He came into the game mired in an 0-for-17 slide but broke out of it with two hits, including a two-run drive in the fourth, and Boston came out on top after dropping eight of 11.
Lester (4-4) and the Red Sox were leading 4-0 when the Cubs rallied in the seventh.
Lester struck out David DeJesus before Scott Atchison retired Reed Johnson on a grounder to end the inning. Vicente Padilla worked the eighth and Alfredo Aceves finished for his 16th save in 19 chances.
Lester gave the Red Sox just what they needed on the same day Josh Beckett went on the 15-day disabled list with right shoulder inflammation, the latest in a long line of injuries for Boston.
The veteran allowed seven hits, struck out eight and walked one against a team that came in with a .222 average against left-handers, third lowest in the National League.
Jeff Samardzija (5-5) struck out six in 5 1/3 innings for the Cubs after getting roughed up in a loss to Minnesota in his previous start. He was charged with three runs and four hits.
Samardzija's only other glitch was the drive to right by Saltalamacchia on a 1-2 splitter.

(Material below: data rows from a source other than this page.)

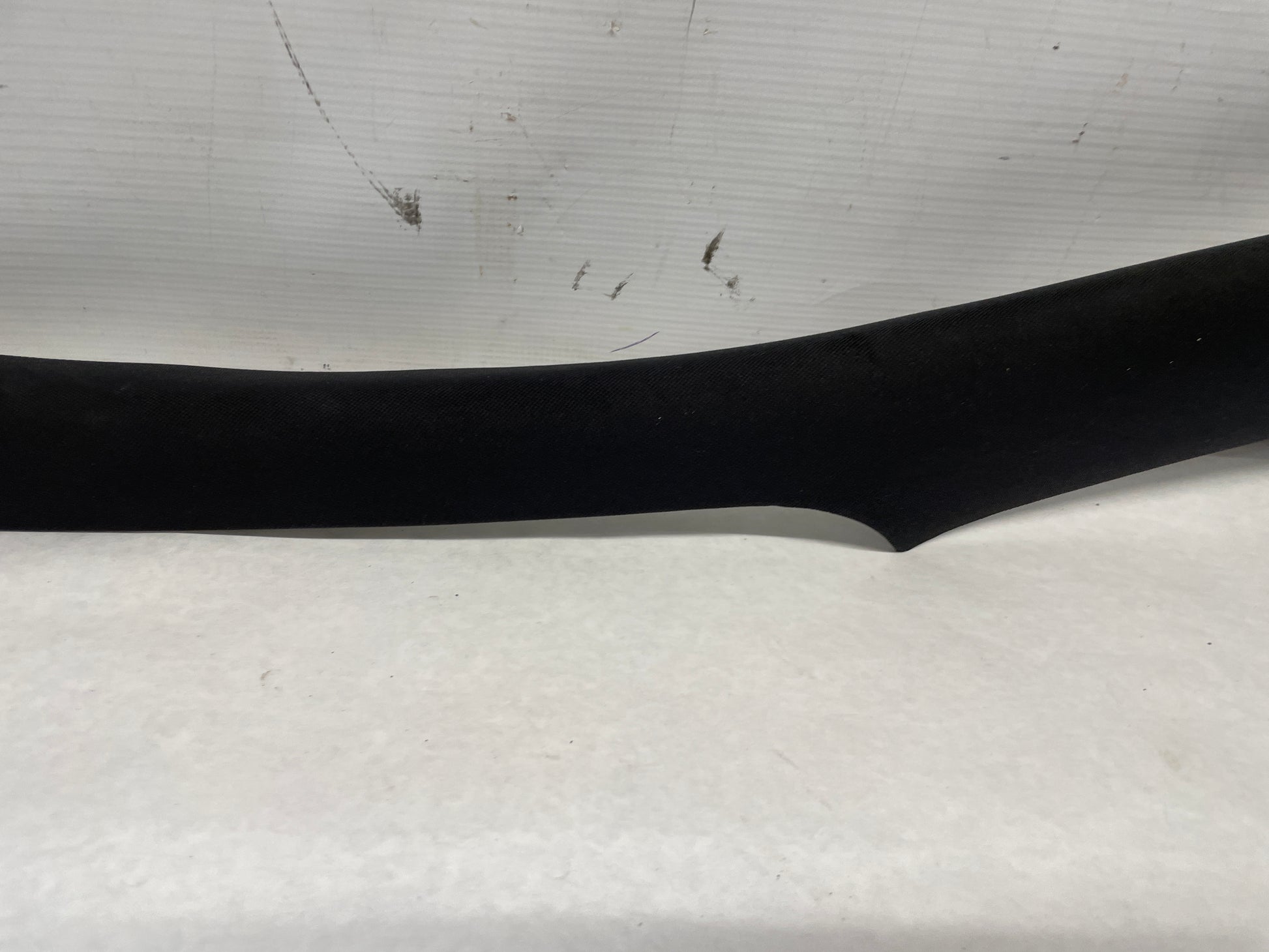 2006 Pontiac GTO RH Passenger Interior Windshield A Pillar Trim Cover OEM - Day's Parts Yard
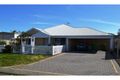 Property photo of 26 Dixon Street Carey Park WA 6230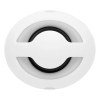 Haut-parleur sans fil SOUND EGG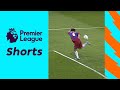 The BEST Own Goal Ever Scored Shorts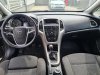 Slika 10 - Opel Astra J  - MojAuto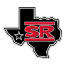 Sul Ross State Lobos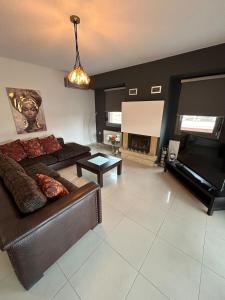 Grand Stay Edessa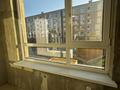 2-бөлмелі пәтер · 47 м² · 2/6 қабат, мкр Гажайып, Бауыржана Момышулы — 2-комнатная квартира в ЖК Arena City Sport, мкр Гажайып, бағасы: 32.5 млн ₸ в Алматы, Алатауский р-н — фото 14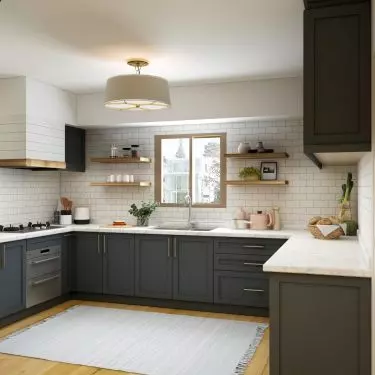 Tiles 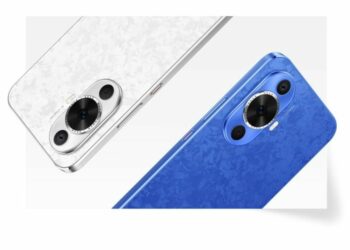 Ulasan Singkat Huawei Nova 12 Lite | Menengah Rasa Flagship!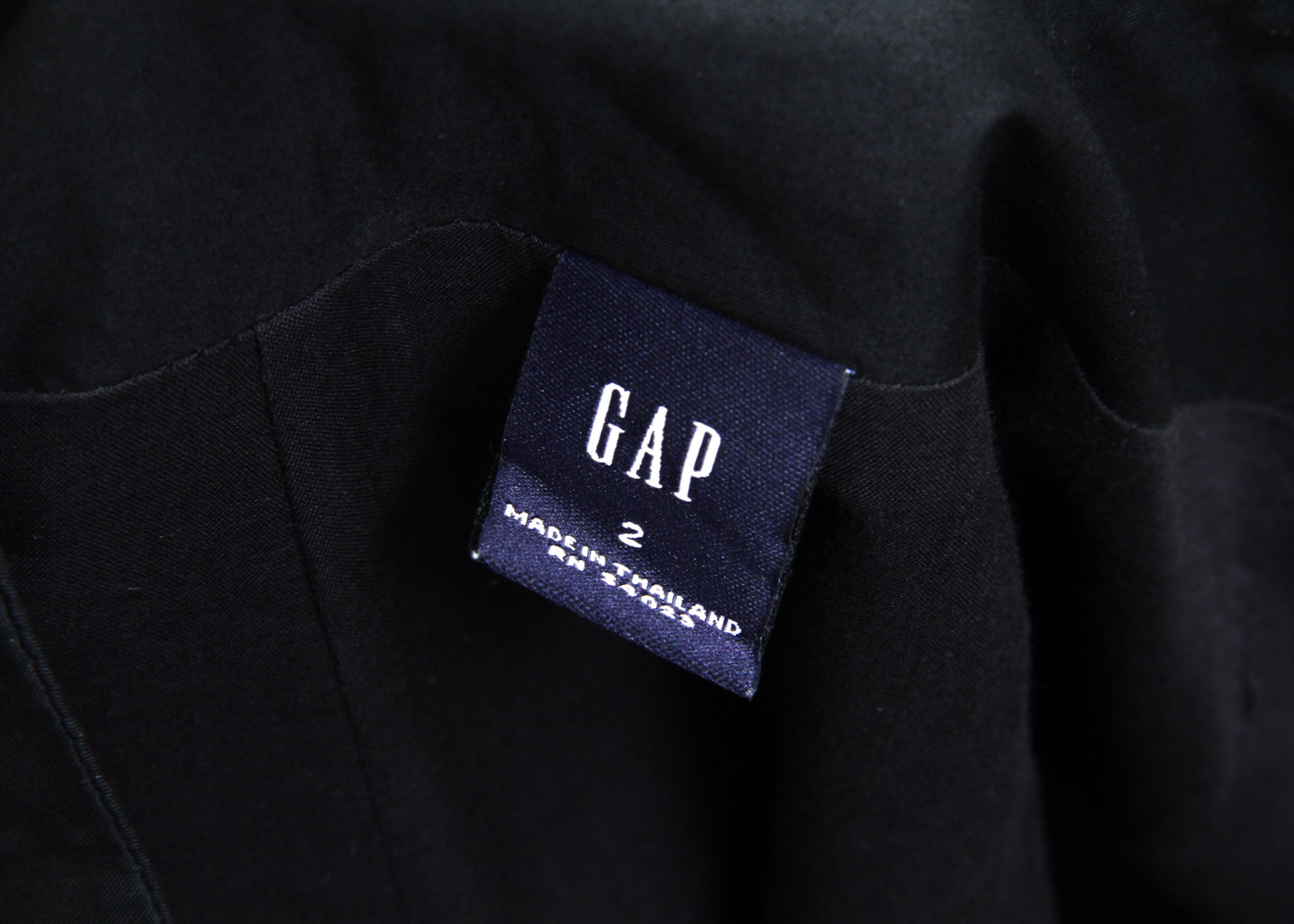 Women's Skirts Including Marimekko and Gap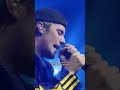 Justin’s cover of snooze 🤯👏🏽 #music #sza #snooze #justinbieber #shorts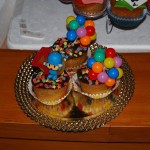 Cupcakes 17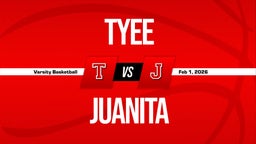 01/31 Highlights @ Juanita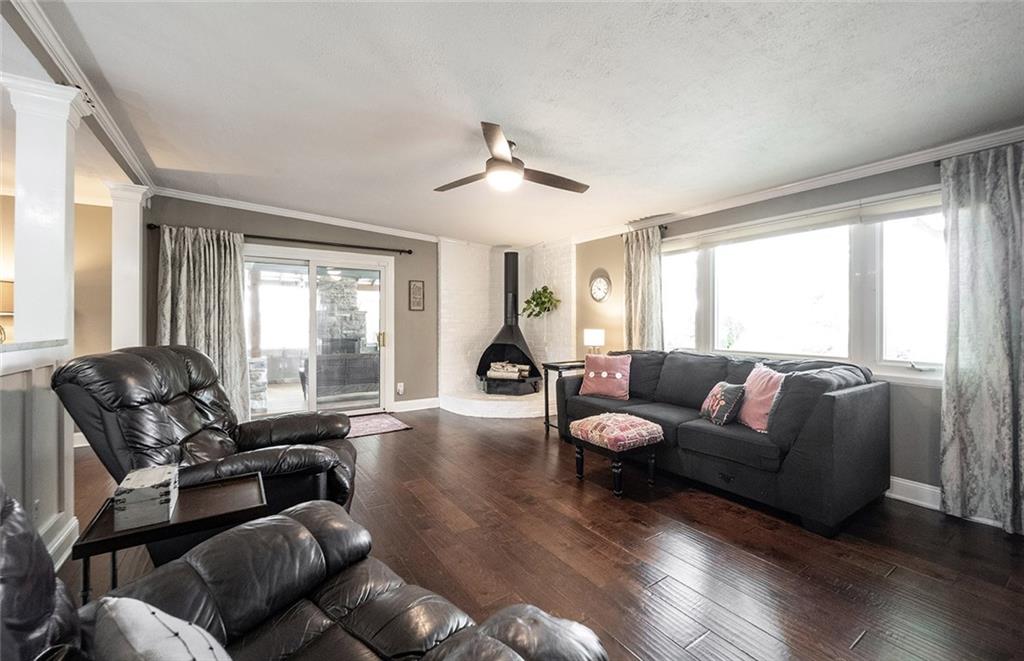 908 Pawnee Road Carmel, IN 46032 - Photo 17 of 60 Gallery Image 17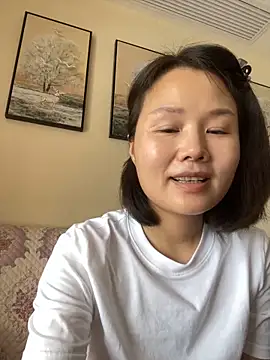 Mier-cn online show from 06/11/26, 04:10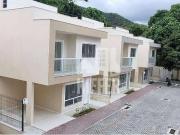 Casa / Sobrado em Condomínio para Venda em Niterói/RJ...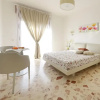 Отель B&B La Vie en Rose, фото 2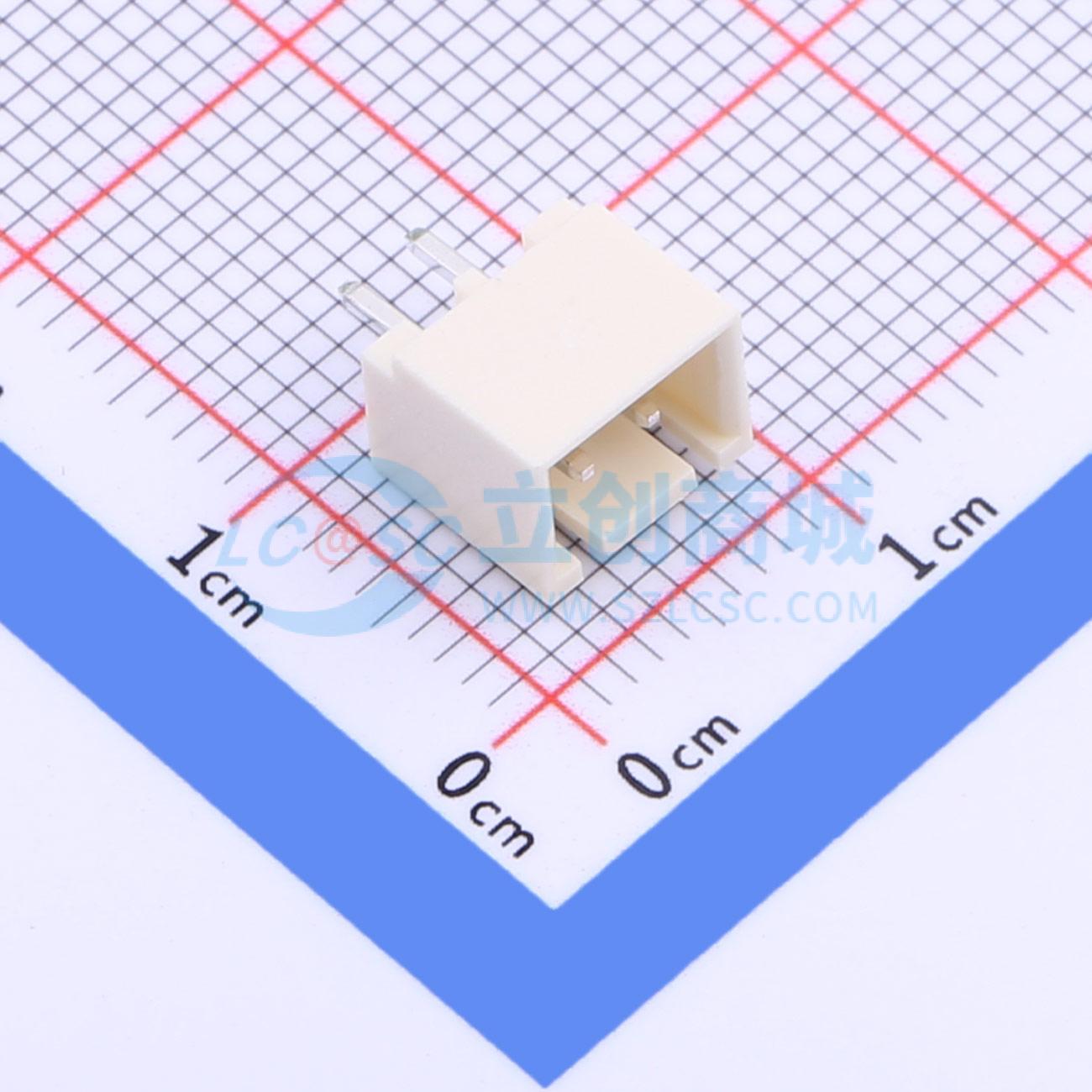 点击查看大图 XHB-2A实物图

"It felt good," Saltalamacchia said. "I talked to [Valentine] as I was walking out [Friday] night and that's exactly what he said. He said `They're gonna start falling because you've been swinging the bat well."'
The Cubs threatened with two out in the sixth, but a breakdown by Alfonso Soriano helped end it.
With runners on first and second, Middlebrooks dropped his hard liner to third. Soriano never ran, though, and was thrown out at first.
A crowd that had seen lapses from him before let him have it on the way to the dugout and when he trotted back out to left field. There were more loud boos when he struck out in the eighth.
But the way Soriano sees it, he didn't deserve that kind of treatment. He said the boos were unfair and there really wasn't much he could do on that play.
"I think that they don't understand the game," Soriano said. "It's a line drive, nothing you can do about it. If it's a ground ball and I don't run, they can do whatever they want. But a hard line drive right at the glove? I don't know what they want."
While the fans made their feelings clear, so did the Cubs. Put simply, they had Soriano's back.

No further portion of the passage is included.